We are given the following equilibrium reaction: \(\mathrm{Na}_2\mathrm{O}(s) + \mathrm{SO}_2(g) \rightleftharpoons \mathrm{Na}_2\mathrm{SO}_3(s)\) To write the equilibrium constant expression in terms of partial pressures, we use the following formula: \(K_p = \cfrac{{P_{\mathrm{Na}_2\mathrm{SO}_3}}^{\mathrm{c}}}{{P_{\mathrm{Na}_2\mathrm{O}}}^{\mathrm{a}} \cdot {P_{\mathrm{SO}_2}}^{\mathrm{b}}}\) where a, b, and c are the stoichiometric coefficients of Na2O, SO2, and Na2SO3 in the balanced reaction. Since Na2O and Na2SO3 are solids, their partial pressures do not affect the equilibrium constant. Thus, the expression simplifies to: \(K_p = P_{\mathrm{SO}_2}\)

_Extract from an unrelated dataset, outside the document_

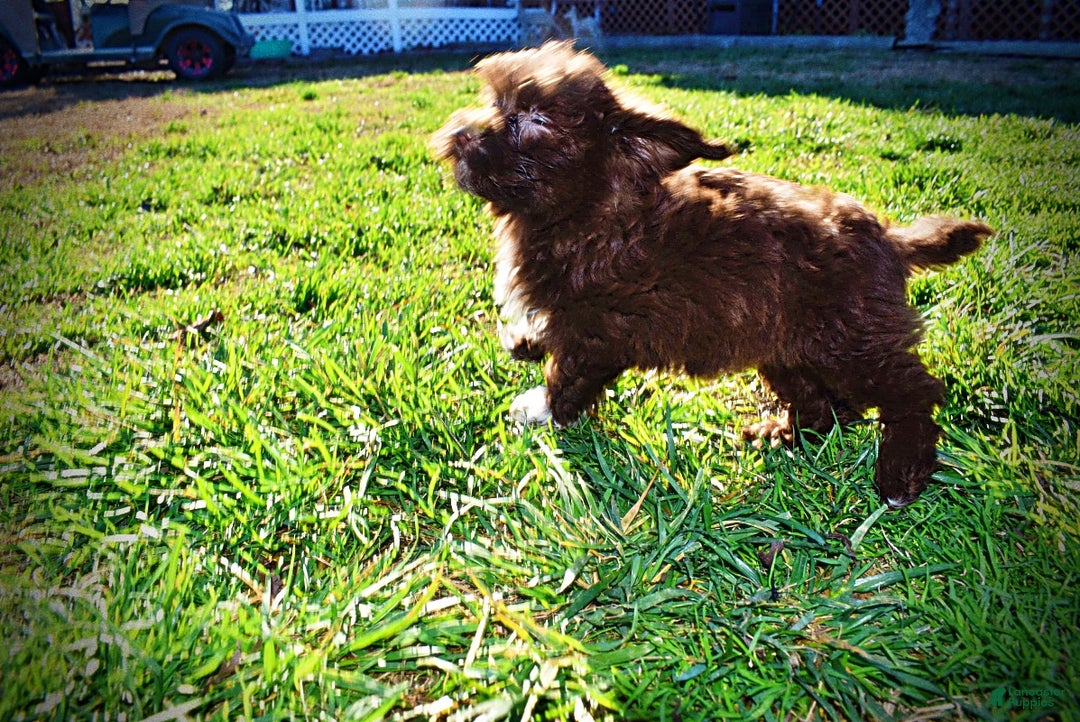 Havapoo dogs for sale: Sassy - Ad 13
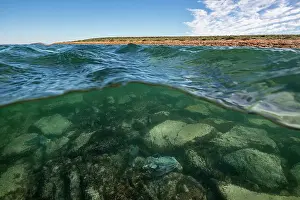 Split image showing Australian giant cuttlefish in shallow water and the surrounding coastline, Whyalla, South Australia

As all compounds in the reaction are soluble in water, we write the reaction in its ionic form with aqueous ions: \(\mathrm{2Na}^{+}(aq) + \mathrm{SO}_2(g) + \mathrm{O}^{2-}(aq) \rightleftharpoons \mathrm{2Na}^{+}(aq) + \mathrm{SO}_3^{2-}(aq)\) Now, we write the equilibrium constant expression in terms of molarities using the formula: \(K_c = \cfrac{\{[M^{c}][M^{d}]...\}}{\{[M^{a}][M^{b}]...\}}\) Here, M represents the molar concentration of the species, and a, b, c, d, ... are stoichiometric coefficients. In this reaction, the stoichiometric coefficients are all equal to 1, so the expression simplifies to: \(K_c = \cfrac{[\mathrm{SO}_3^{2-}]}{[\mathrm{SO}_2] \cdot [\mathrm{O}^{2-}]}\) This is the equilibrium constant expression for the given reaction in terms of molarities when all compounds are dissolved in water.